The blogosphere is full of news of the latest litigation related to JK Rowling and the Harry Potter mythos. This Legal IQ post explains the background and parties: Stanford Law School's Fair Use Project Defends RDR Books Against Copyright Lawsuit Brought By J.K. Rowling and Warner Bros.
The case hinges on "fair use" - whether RDR Books' Harry Potter Lexicon has sufficient characteristics to allow its particular reassembly of material from Rowling's works. This is a subtle decision based on four criteria: 1) purpose (e.g. commercial or not); 2) nature of original (you can get away with reproducing more of a non-fictional work than a fictional); 3) how much of the original was used; and 4) market effect (i.e. does it undercut the market for the original?). See the Fair Use Network for more on this. Anthony Falzone, the defendant's lawyer (who is associated with the Stanford Center for Internet and Society's Fair Use Project) argues that the case is highly important, in that Rowling's winning would set a precedent majorly eroding the centuries-old right to create concordances and other derivative works. This idea is expanded in Joe Nocera's New York Times article, A Tight Grip Can Choke Creativity (bugmenot).
Dan Slater at the WSJ's Law Blog, reporting on the final day of the trial, thinks it looks good for the the defendant, RDR: Potter Trial: On Last Day, Defense Outshines Rowling.

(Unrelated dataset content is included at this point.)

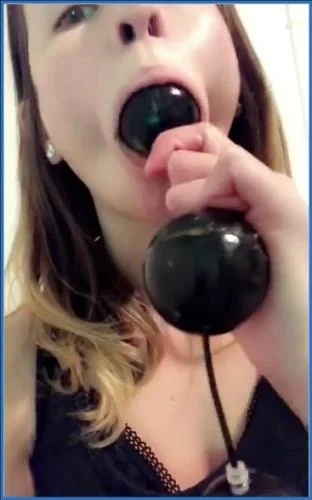 Download LilbuttLex Extreme Anal Beads & Gape - Scat Fetish SD Scat-Slaves.net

At Info/Law, Derek Bambauer, Assistant Professor of Law at Wayne State University Law School in Detroit, Michigan argues otherwise in Harry Potter and the Lexicon of Fair Use. Much of the legal argument is well over my head: I'd never heard of estoppel and laches - loosely, the doctrine that someone's case is weakened by their having acted in a way suggesting approval for what they're now complaining about - so I won't bother to speculate which way it'll go.

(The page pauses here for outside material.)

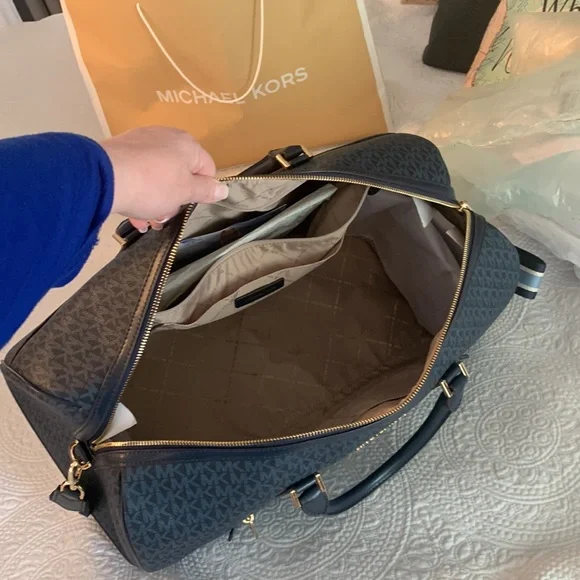 ❌SOLD❌ Authentic Michael Kors duffle bag - Picture 13 of 17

We won't know the result immediately: as this Bloomberg account says - J.K. Rowling Returns to Witness Stand, Defends Authors' Rights - the lawyers now have three weeks to submit final briefs. The presiding judge, U.S. District Judge Robert Patterson, had urged both sides to settle, mentioning Bleak House (the futile Jarndyce and Jarndyce case where legal costs ate up the disputed estate). But no deal. Whoever wins, it'll likely go to appeal, because both sides have strong interests to defend and deep pockets.